We expect persistent weak sales for traditional retailers as consumer preferences evolve
Fitch analysts

“We think the rapid change in shopping formats will increase competition, and we therefore expect persistent weak sales for traditional retailers as consumer preferences evolve.”

Chinese consumers have undergone a recent shift in their shopping preferences as the country’s middle class expands, but sentiment has been dampened by a devalued renminbi and the economic slowdown. Shoppers are now increasingly favouring e-commerce, which makes up 20 per cent of the country’s retail sector, and shopping malls over traditional channels such as department stores and street level stores.

This is reducing profitability for retailers who operate their own stores, which have a fixed cost base for rent and staff, Chin and Chao said.

While the retail sector expanded 10.4 per cent in the first three quarters of 2016, the growth was largely from online sales, which surged 26.1 per cent year-on-year to 3.5 trillion yuan, according to data from the National Bureau of Statistics (NBS).

Same-store sales for Parkson Retail Group fell 9.7 per cent in the first half, while for the Golden Eagle Retail Group the drop was 8.7 per cent. Chinese shopping centre operator Intime Retail, which is backed by Alibaba, posted sales that fell 3.7 per cent in the first nine months of the year.

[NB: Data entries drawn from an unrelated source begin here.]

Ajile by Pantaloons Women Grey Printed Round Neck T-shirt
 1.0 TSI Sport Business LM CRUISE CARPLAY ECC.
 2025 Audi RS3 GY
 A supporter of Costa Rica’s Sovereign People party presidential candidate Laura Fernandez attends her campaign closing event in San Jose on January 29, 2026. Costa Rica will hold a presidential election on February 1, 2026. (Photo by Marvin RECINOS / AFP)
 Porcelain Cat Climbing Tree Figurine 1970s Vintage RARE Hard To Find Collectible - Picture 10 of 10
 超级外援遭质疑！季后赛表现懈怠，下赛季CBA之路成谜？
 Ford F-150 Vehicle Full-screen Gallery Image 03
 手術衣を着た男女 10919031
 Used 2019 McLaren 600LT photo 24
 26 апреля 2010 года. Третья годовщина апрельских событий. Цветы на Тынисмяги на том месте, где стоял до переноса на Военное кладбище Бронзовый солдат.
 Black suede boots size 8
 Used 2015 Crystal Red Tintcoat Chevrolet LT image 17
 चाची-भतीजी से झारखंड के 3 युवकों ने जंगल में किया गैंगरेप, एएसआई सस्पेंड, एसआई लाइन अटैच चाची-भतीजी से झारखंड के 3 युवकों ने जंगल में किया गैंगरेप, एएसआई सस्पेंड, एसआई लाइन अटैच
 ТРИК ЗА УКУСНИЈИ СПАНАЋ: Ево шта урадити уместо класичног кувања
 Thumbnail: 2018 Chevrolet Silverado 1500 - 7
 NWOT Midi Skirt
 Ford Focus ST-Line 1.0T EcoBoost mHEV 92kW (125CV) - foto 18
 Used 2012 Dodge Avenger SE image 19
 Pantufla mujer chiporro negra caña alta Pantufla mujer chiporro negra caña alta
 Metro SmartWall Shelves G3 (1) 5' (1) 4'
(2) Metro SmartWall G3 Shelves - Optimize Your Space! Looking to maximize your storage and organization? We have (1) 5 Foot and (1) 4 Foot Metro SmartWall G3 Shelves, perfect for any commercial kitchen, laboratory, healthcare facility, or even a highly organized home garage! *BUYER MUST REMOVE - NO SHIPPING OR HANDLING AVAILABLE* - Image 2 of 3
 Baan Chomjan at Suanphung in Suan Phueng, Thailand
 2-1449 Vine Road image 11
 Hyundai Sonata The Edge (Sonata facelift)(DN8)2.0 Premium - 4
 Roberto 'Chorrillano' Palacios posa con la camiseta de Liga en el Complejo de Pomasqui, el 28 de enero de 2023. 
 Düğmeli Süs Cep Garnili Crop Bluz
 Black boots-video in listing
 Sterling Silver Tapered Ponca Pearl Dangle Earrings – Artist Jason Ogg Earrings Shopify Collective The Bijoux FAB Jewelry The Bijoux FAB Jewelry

Parkson and Golden Eagle have also seen their margins — the difference between sales prices and cost of production — shrink since 2011, while those of luxury watch retailer Hengdeli have contracted since 2013.

Weakness in the industry is making the retail environment increasingly competitive. Retailers can gain an edge by improving their product mixes, because certain industry segments such as sporting goods are continuing to grow, according to Chin and Chao.

Sports companies went through consolidation in 2012, and with consumers becoming more health-conscious, suppliers like 361 Degrees International “should benefit accordingly from sales growth,” the Fitch report said.

361 Degrees, a Chinese athletics brand, has seen same-store sales growth rebound since 2013 by more than 5 per cent.

Traditional retailers are also resorting to new tactics to attract customers. These include “experimental shopping” whereby outlets increase their food and beverage, lifestyle and entertainment options, as well as linking online-to-offline shopping capabilities, the analysts said.

Through “gimmicks” and technology adoption, retailers can draw millennial and middle-class shoppers by offering digital and personalised shopping, according to Joanne Lee, associate director of research and advisory at Colliers International (Hong Kong).

“We believe technology will come into the market, and artificial intelligence or virtual reality will enhance the shopping experience,” she said.

“Social media will be a focal point for the future, for the retailers and shopping centres,” said Daniel Shih, director at Colliers International (Hong Kong).

These new strategies have been evident in the roll-out for the annual Singles’ Day shopping event hosted by Alibaba, which owns the South China Morning Post. The event includes star-studded promotions, virtual reality and augmented reality components to draw consumers to shop online and offline.

While retailers can take steps to reduce costs, such as reducing inventory or closing stores, Fitch says the “structural challenges facing the retail sector are likely to persist.”